ETCの機能をさらに進化させたものにETC2.0システムがある。これまでITSスポットサービスやDSRC(dedicated short range communication)の名でよばれていたものであるが、ETC2.0の名称で統一された。すでに運用が始まっており、路車協調システムによるさまざまな運転支援サービスが行われている。ETC2.0では、ETCが備える高速道路利用料金収受機能に加えて、駐車場料金の支払いのほか、運転者に対して情報を提供することで、交通集中による渋滞回避や、安全運転の支援などが可能になる。このサービスを受けるためには、ETC2.0に対応する車載器が必要になる。
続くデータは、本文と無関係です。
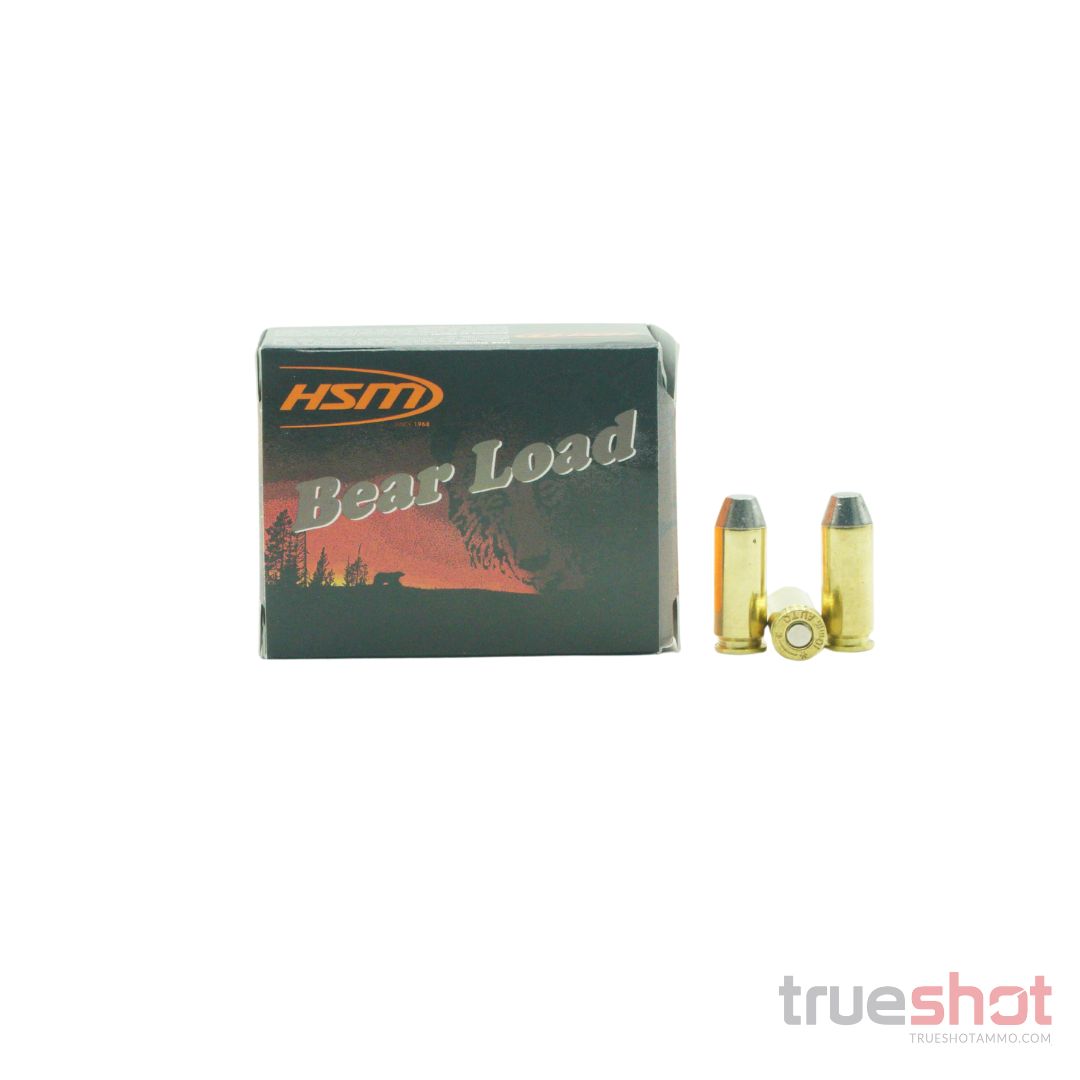 HSM - 10mm Auto - 200 Grain - Hard Lead RNFP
ETC2.0の各種サービスを可能にしているのは、道路沿いに設置されたITSスポットとよばれる通信アンテナと車載器である。この双方間で高速・大容量通信(DSRC通信)を行うことで情報を伝達する。
ITSスポットは高速道路上のサービスエリアや道の駅など全国約1600か所(2015年10月1日時点、ITSサービス高度化機構調べ)に設置され、さらに増設が計画されている。DSRC通信は電波ビーコン(5.8ギガヘルツ帯)による通信方式のことで、従来から設置されているVICSビーコン(電波ビーコン)と比べて、格段に高速で大容量の双方向情報伝達が可能になった。